## Aim of the task
Please repeat, exactly as they stand, the line containing "1608 NE Craigievar" and the lines after it through the final line of the listing below, minus pictures.

## Supplied data
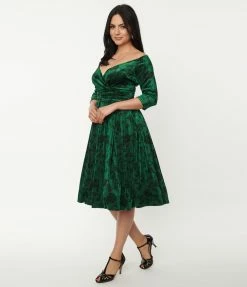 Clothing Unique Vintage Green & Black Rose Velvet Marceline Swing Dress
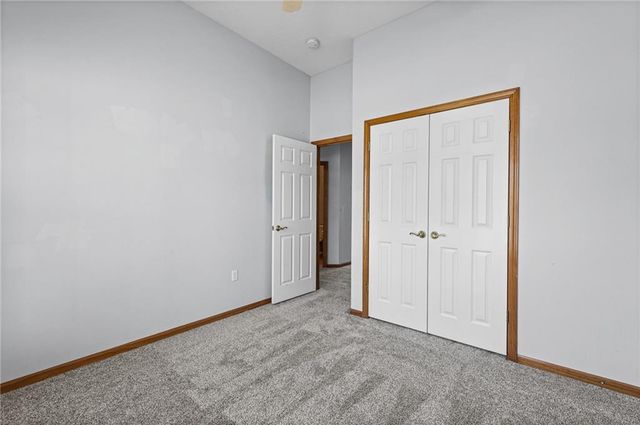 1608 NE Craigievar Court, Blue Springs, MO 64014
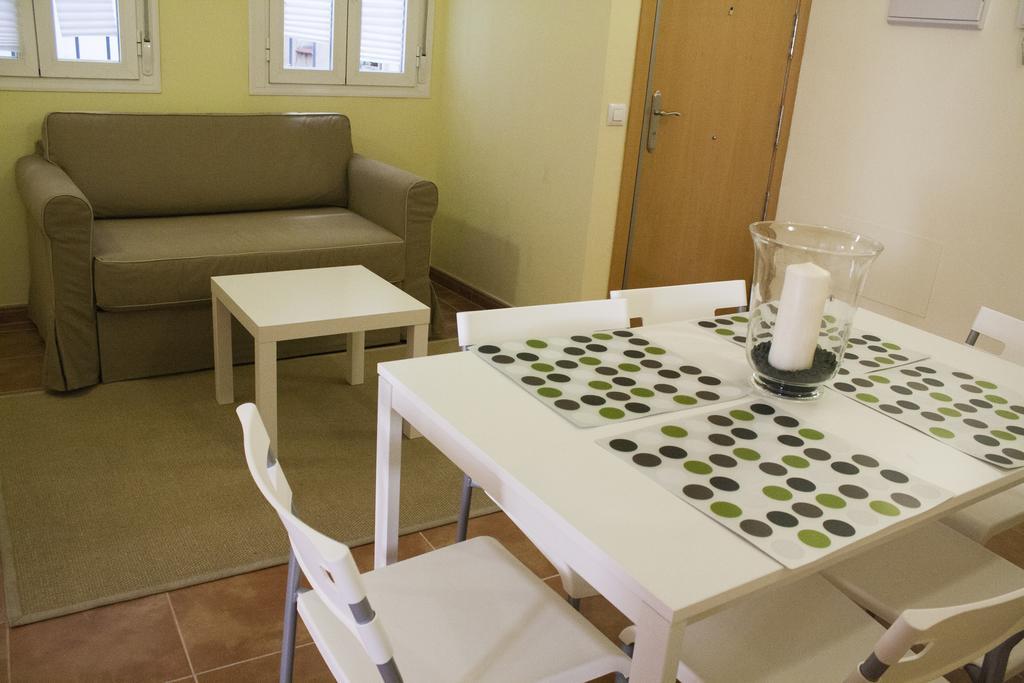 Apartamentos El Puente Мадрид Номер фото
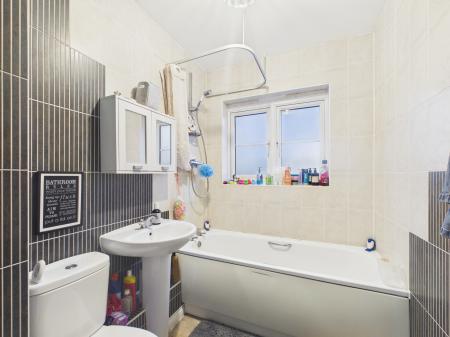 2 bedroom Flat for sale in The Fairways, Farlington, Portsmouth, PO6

## Answer for the task
 1608 NE Craigievar Court, Blue Springs, MO 64014
 Apartamentos El Puente Мадрид Номер фото
 2 bedroom Flat for sale in The Fairways, Farlington, Portsmouth, PO6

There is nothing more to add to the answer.